Among the entries below, copy only the span from the line containing "Sonnet 7 door William Shakespeare Poster" through the line containing "De vlucht van". Do so exactly, and skip the pictures.

◆ PROVIDED RECORDS

-.-.-

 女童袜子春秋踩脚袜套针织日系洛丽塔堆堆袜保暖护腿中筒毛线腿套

-.-.-

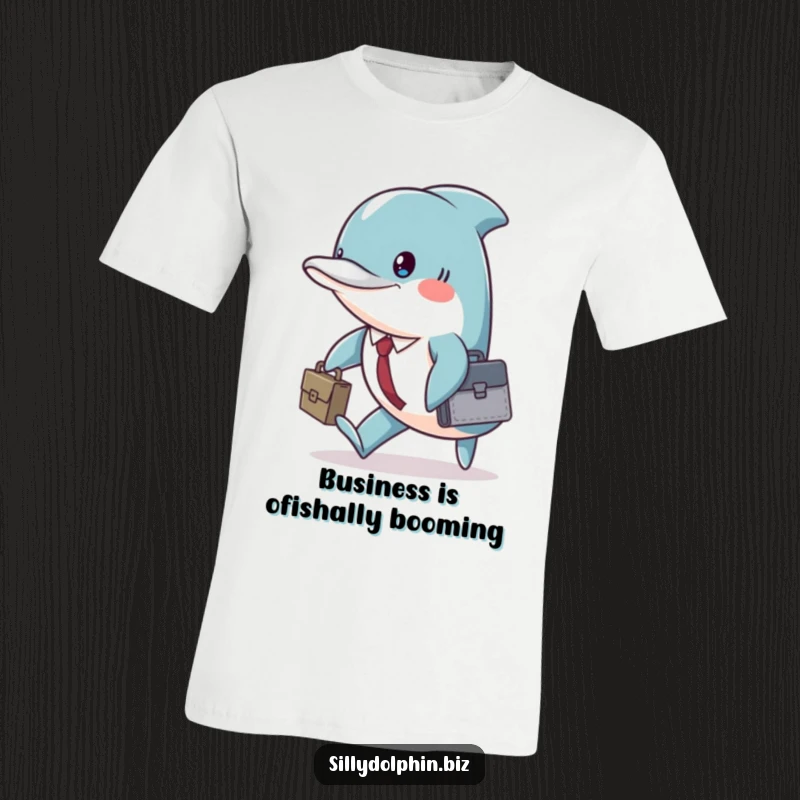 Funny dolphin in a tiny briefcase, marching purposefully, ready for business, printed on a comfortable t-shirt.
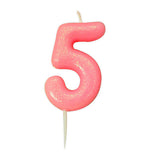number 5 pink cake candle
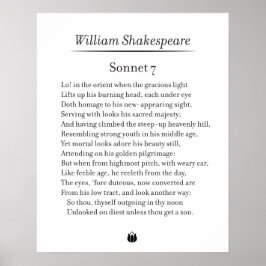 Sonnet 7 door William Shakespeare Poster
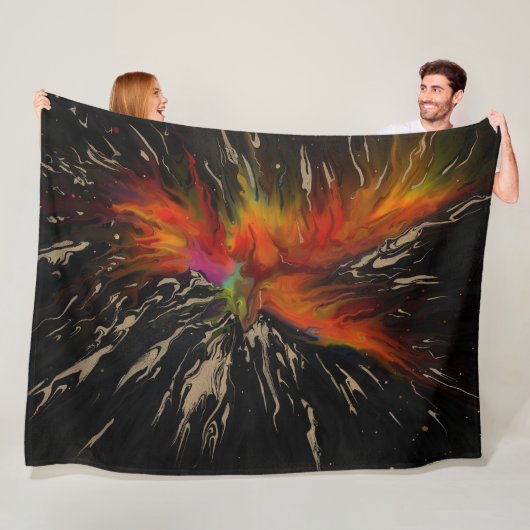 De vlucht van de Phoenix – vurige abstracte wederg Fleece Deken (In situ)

-.-.-

◆ OUTPUT OF THE TASK
 Sonnet 7 door William Shakespeare Poster
 De vlucht van de Phoenix – vurige abstracte wederg Fleece Deken (In situ)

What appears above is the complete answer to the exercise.